• **DIRECTIONS FOR THIS TASK**
Return the lines below exactly, please, from the one containing "ANELY Kleiner Taschen" through the last one, both included, and leave out any pictures.

Source records
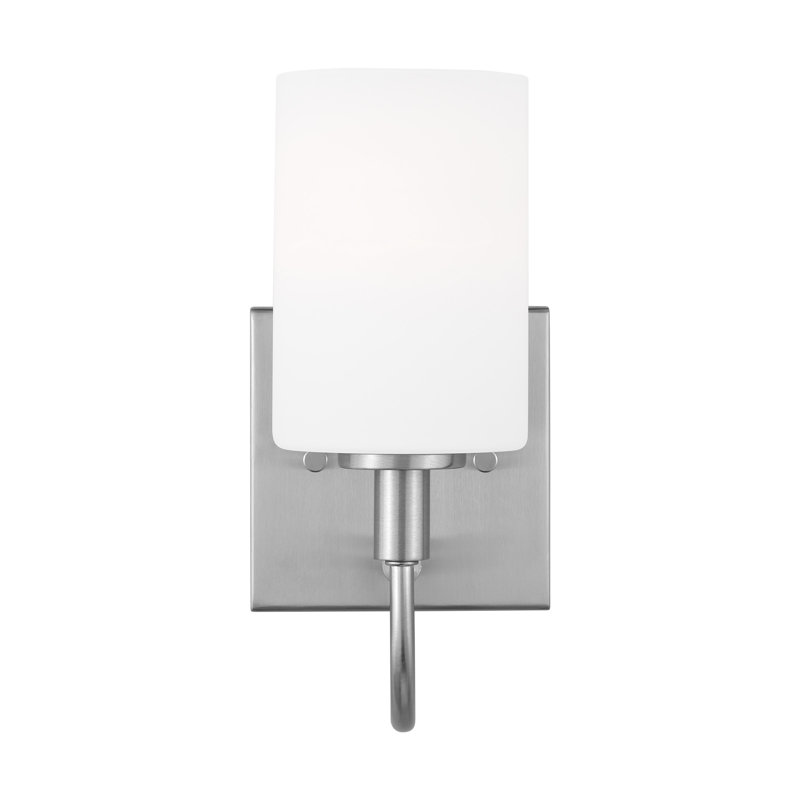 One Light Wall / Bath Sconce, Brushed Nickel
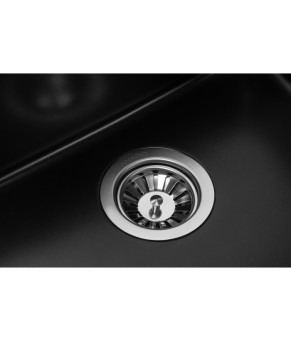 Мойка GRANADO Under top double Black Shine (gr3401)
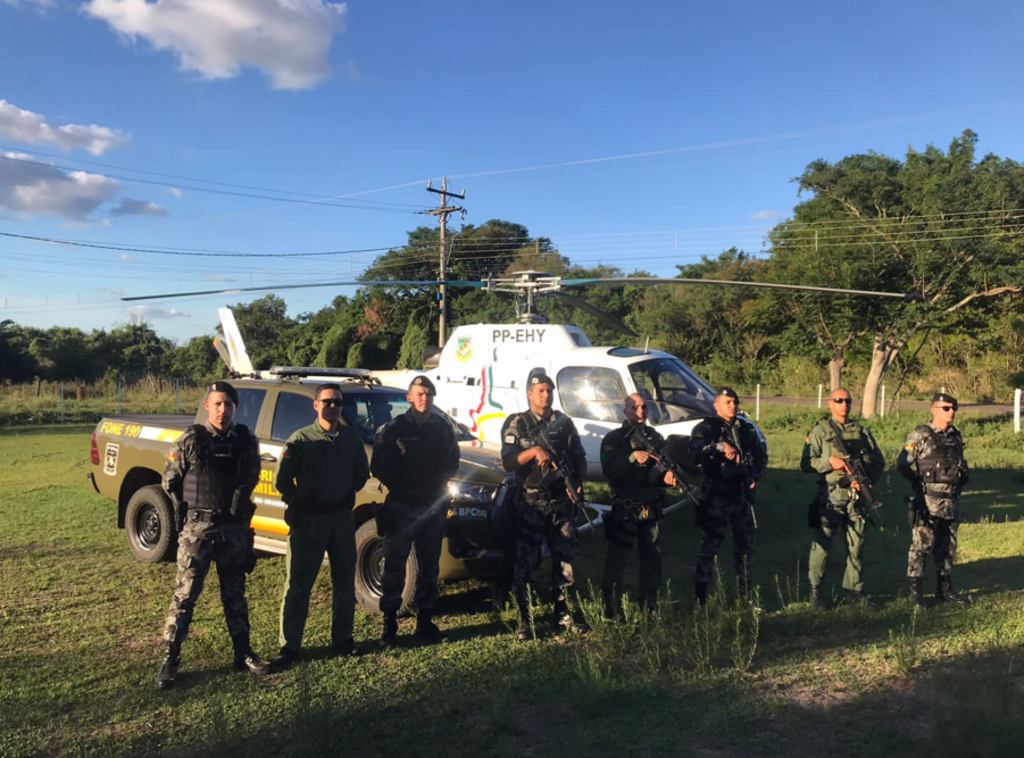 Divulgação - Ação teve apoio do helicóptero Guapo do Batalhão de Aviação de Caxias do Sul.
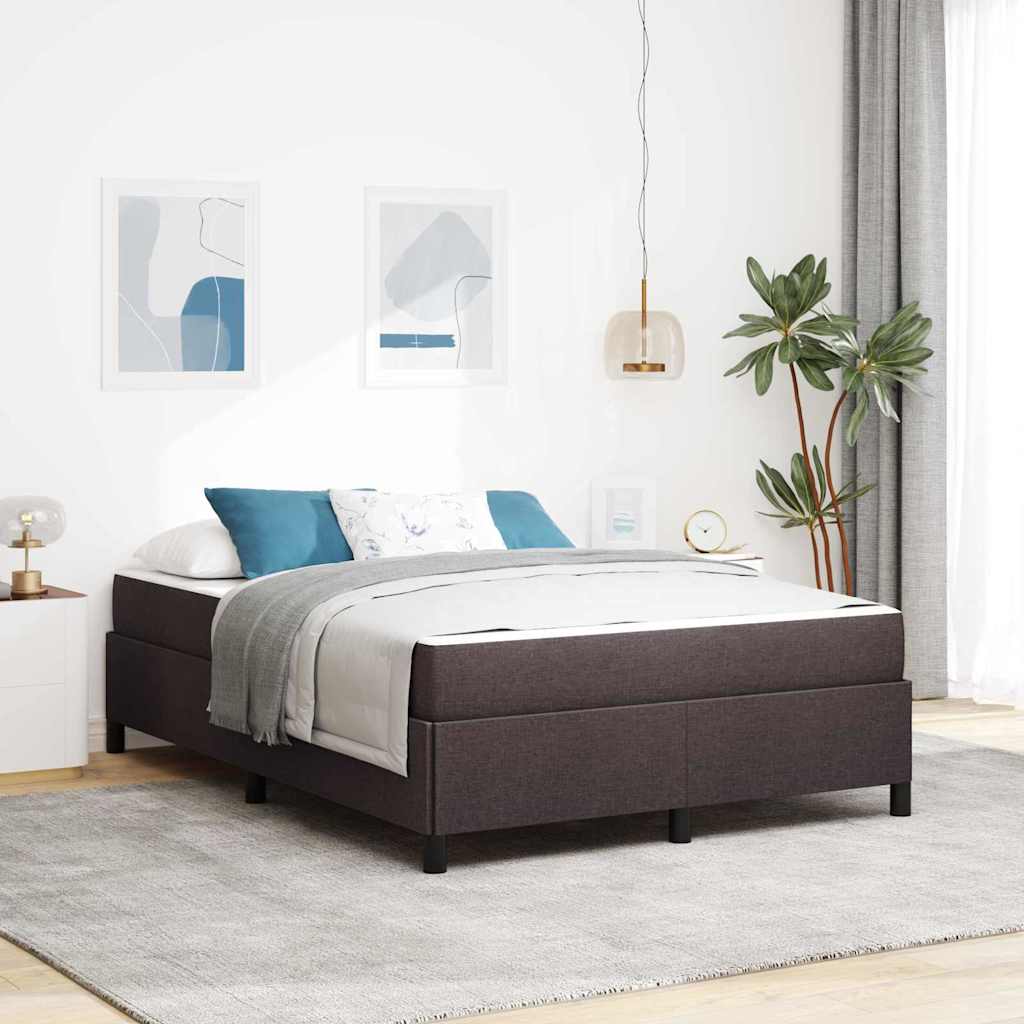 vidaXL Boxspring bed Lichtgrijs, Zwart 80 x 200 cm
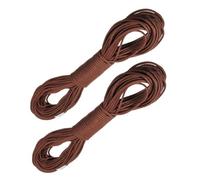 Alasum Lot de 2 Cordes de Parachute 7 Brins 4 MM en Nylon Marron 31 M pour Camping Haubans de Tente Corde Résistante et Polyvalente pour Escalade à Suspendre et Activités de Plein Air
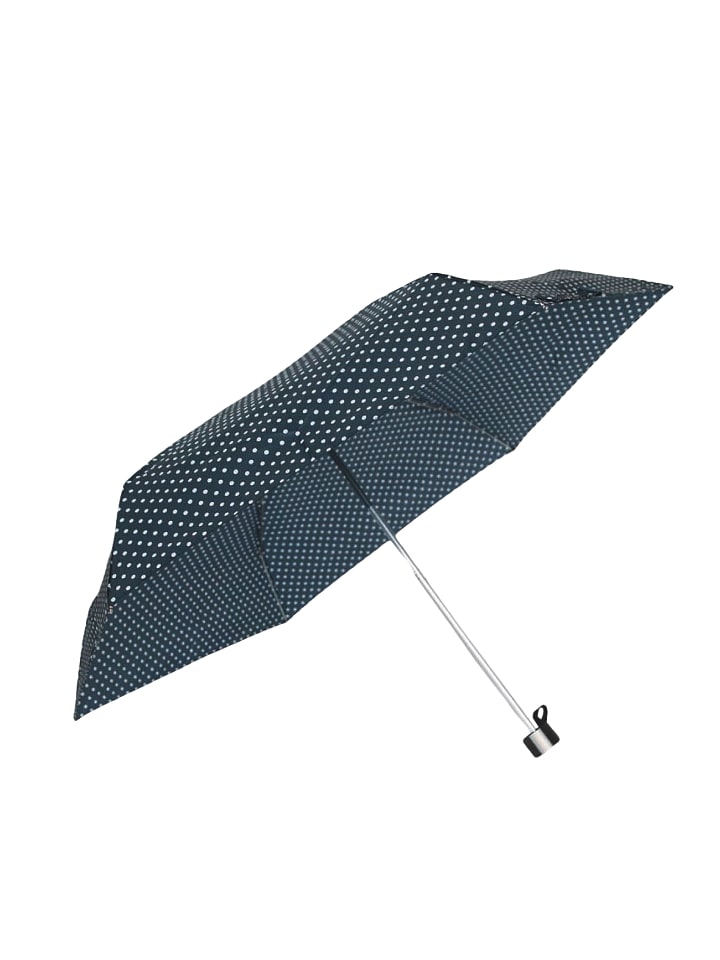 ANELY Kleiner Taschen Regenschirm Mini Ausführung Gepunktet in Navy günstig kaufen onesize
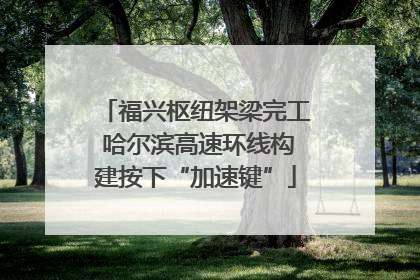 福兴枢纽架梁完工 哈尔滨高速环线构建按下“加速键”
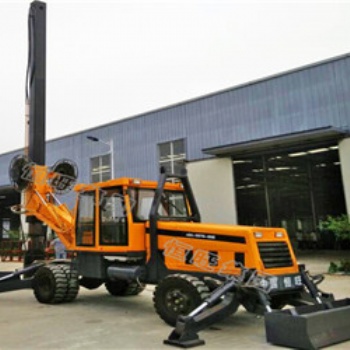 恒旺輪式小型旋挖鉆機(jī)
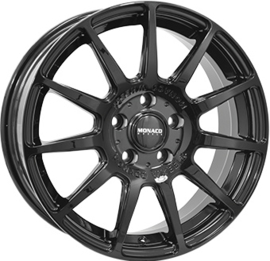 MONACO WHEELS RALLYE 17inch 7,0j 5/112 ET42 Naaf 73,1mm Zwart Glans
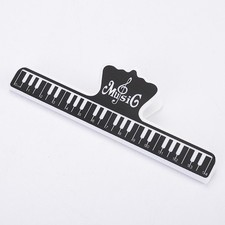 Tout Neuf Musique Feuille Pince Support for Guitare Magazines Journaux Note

• **SOLUTION TO THIS EXERCISE**
 ANELY Kleiner Taschen Regenschirm Mini Ausführung Gepunktet in Navy günstig kaufen onesize
 福兴枢纽架梁完工 哈尔滨高速环线构建按下“加速键”
 恒旺輪式小型旋挖鉆機(jī)
 MONACO WHEELS RALLYE 17inch 7,0j 5/112 ET42 Naaf 73,1mm Zwart Glans
 Tout Neuf Musique Feuille Pince Support for Guitare Magazines Journaux Note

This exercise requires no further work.